What was your first reaction when you got a glimpse of your cover art?
I drooled. Honestly, I'd buy this one for the cover alone :D
 

Which of your novels most reflects who you are as a writer?  Why?
Probably Bite My Fire. It was the first I wrote in the series, but I learned so much after publishing Biting Nixie that I went back and rewrote Fire. Then my editor had more changes and I did another rewrite on the beginning three chapters. Of all my books, I think Fire was the one that I most had to use technique rather than muse.
 

As an author, what makes a book great in your eyes?
Half is clean vivid prose. Dorothy Dunnett can do more with a single character gesture than most authors can in a whole chapter. The other half is compelling story, but compelling is mostly dictated by a reader's personal taste.

What advice would you give to the new/unpublished author?
Write the story inside you that demands to be told. Then put it away and write another. Take out the first after you've forgotten what you wrote. Read it like a reader, not the author. Mark the places you're uncomfortable.
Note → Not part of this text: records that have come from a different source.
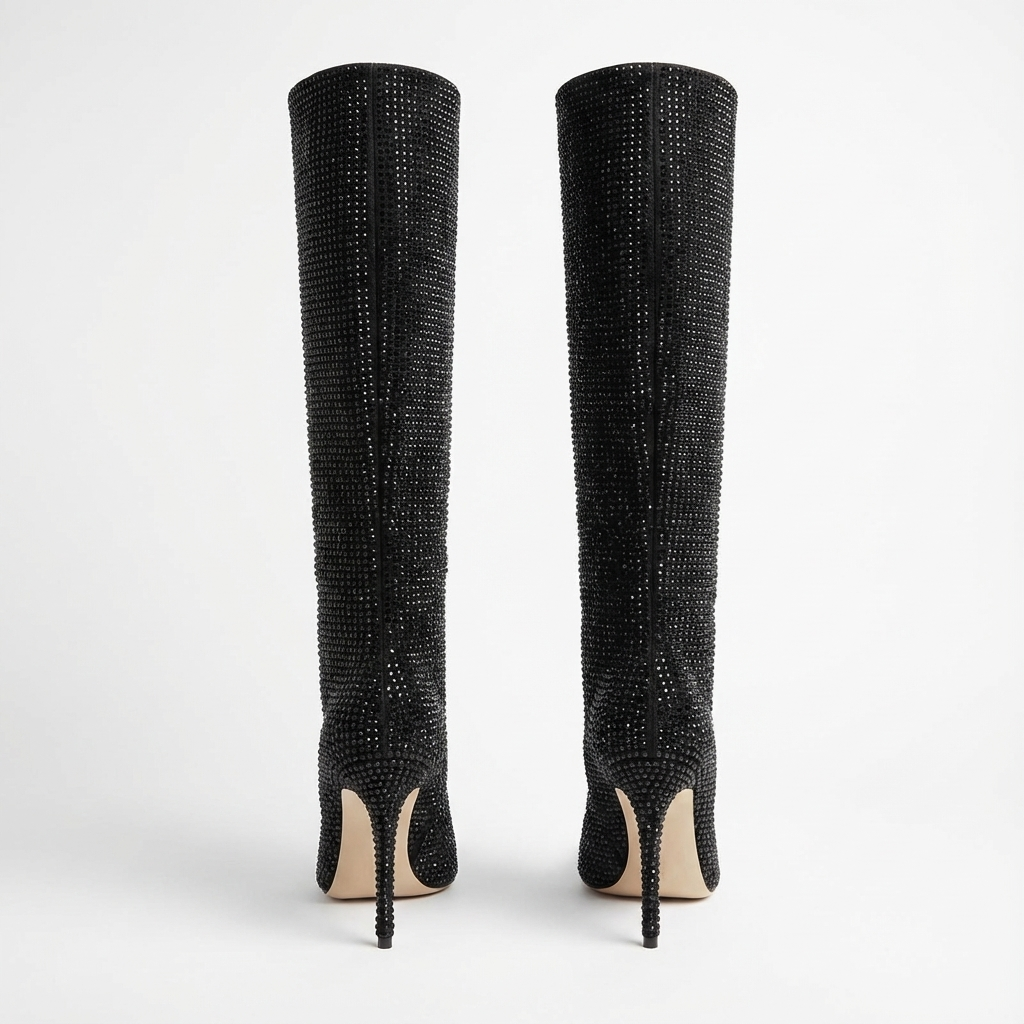 Botte haute noir à paillettes Daim Synthétique Femme - Talon aiguille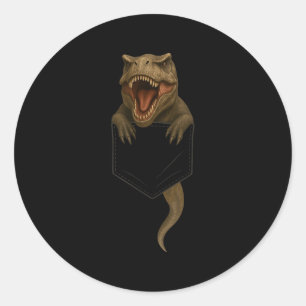 Cute T Rex Cket Funny Dinosaur For Men Women Kid Classic Round Sticker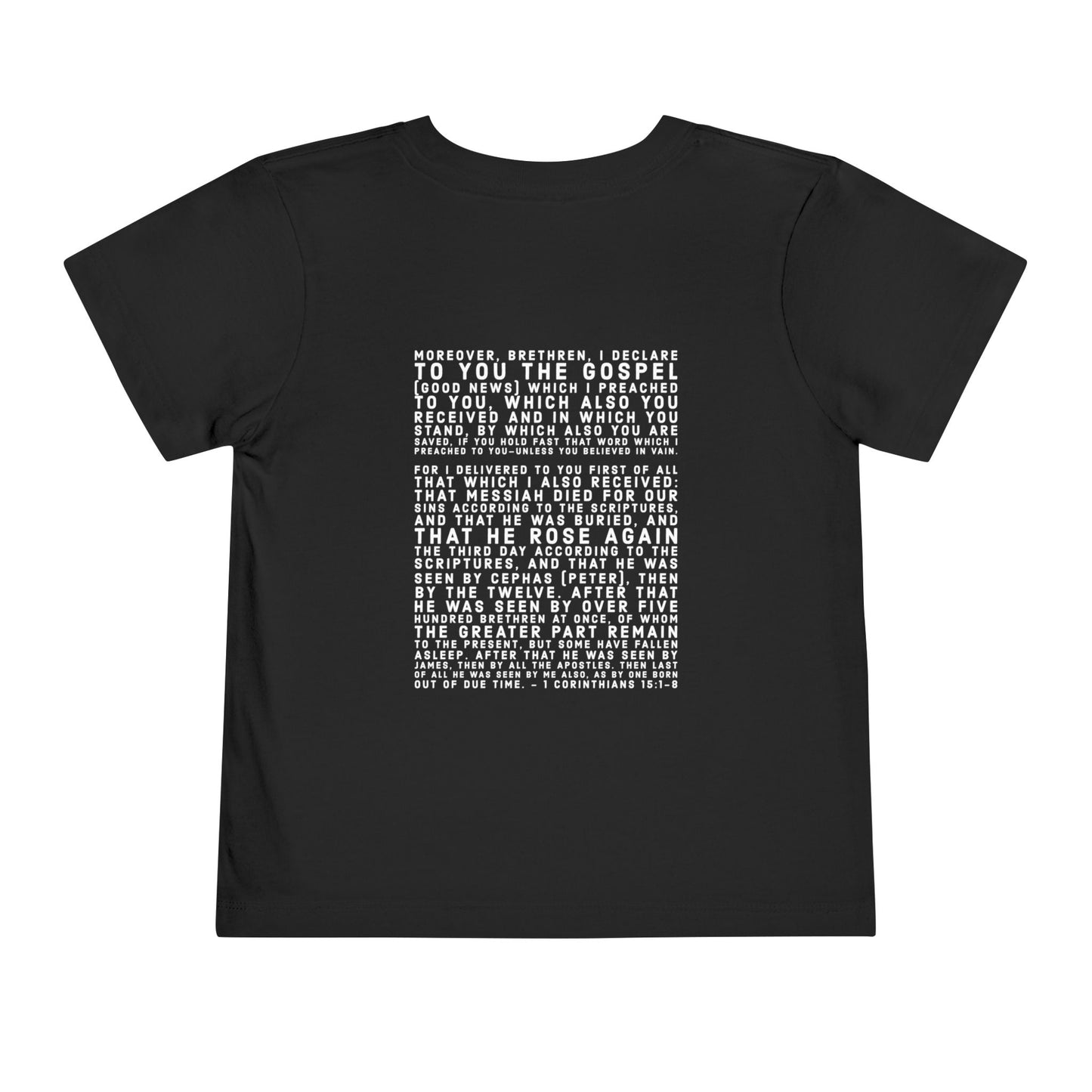 'I declare to you the gospel' - Back Text, Light-Lettered Edition - (9 Color Options) - Toddler Short Sleeve Tee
You may not know how to fix them right away, but it's the first step in learning the vital art of self-editing.

“Never give up” is great advice too, but I think superfluous. If you're an author, you can't give up. You're always writing, if only telling yourself stories in your head.

Oh, and make a card that says “SUCCESS” and post it where you can see it. That's you, baby.

What are three things you wish you’d known before you began your writing career?
How about the three things I wish I hadn't known? :)  When you're published you have to deal with negative reviews, marketing yourself, and challenging yourself to get better at your craft every day. I knew all that and wondered if I would be up to it, which scared me, which really ended up making me doubt myself and my writing. Which I think delayed my getting published at least a decade.

The fact is, you'll learn what you need and do what you need to in order to reach your readers. In the context of reaching readers, it all becomes much less frightening. It's a lot of hard work (and negative reviews still blow), but understandable, good work.

If someone wrote a biography about you, what should the title be?
The Introverted Performer

Is there anything you would like to ask your readers?
Dear Reader: What makes a story memorable to you?